Devastation of abuse
I have seen the absolute devastation that abuse by church leaders has wrought on some families. Devastation does not cover it. I do not claim to have the same kind of experience or insight as someone who has suffered that themselves, but I do know what that has been like for them in terms of getting the Church and society to pay attention. As a result, some people lose their faith.
You go to church with your vulnerabilities. Like every other form of abuse, [clerical abuse] is an abuse of power, but it is also an abuse of faith.
The Church structures need to change: The Clergy Discipline Measure, for example, is not fit for purpose. Safeguarding issues require a particular response — I would doubt that the current government has the capability nor the capacity to hold some of the abusive church leaders to account. The level of corruption in government and the politics at play give these wealthy and popular church leaders free licence.
See no evil
Many church leaders cover up for these abusive leaders. Nothing is reported to relevant authorities. It was always my expectation and understanding when I worked as a lecturer in a college that I was required to report any form of abuse disclosed to me; that is mandatory reporting. The view in the Church in Zimbabwe in particular is not the same. Do I think it should be put in law that it is a criminal offence not to report abuse? It is problematic. . .

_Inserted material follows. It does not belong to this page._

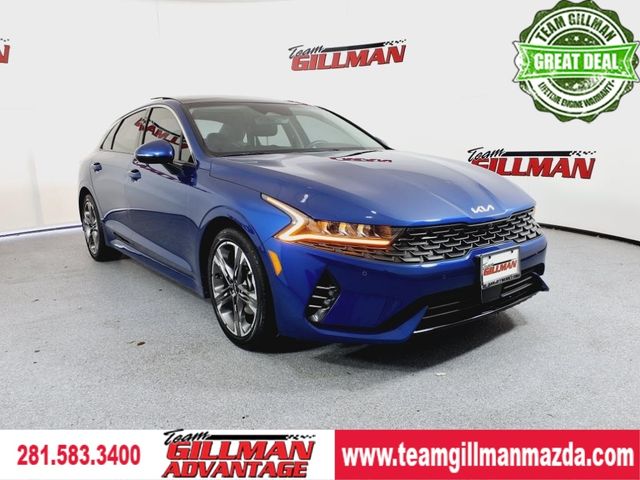 2022 Kia K5 EX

How do you define a suspicion? My worry is that would be a disincentive to people raising low-level concerns that might lead to something else being looked at.
It comes back to creating a culture, supported by safeguarding training, in which people feel confident and comfortable reporting concerns. This can build a picture or pattern of abuse.
We all want to feel safe
I am pretty confident that as citizens we want everybody in the Church to think: ‘We have to do this, not because people think I am an abuser or everybody is likely to be an abuser, but because abusers will target vulnerable people in our Church’ — and, if we are to live out our values, belief, and faith then we absolutely have to have our policies, procedures, and training in place that makes that less likely.
For far too long we have folded our arms and watched silently as abusers rampage the church. We have seen the government letting these abusers go on unchecked because they wield financial and popular power. As citizens we must work out a way to put an end to this.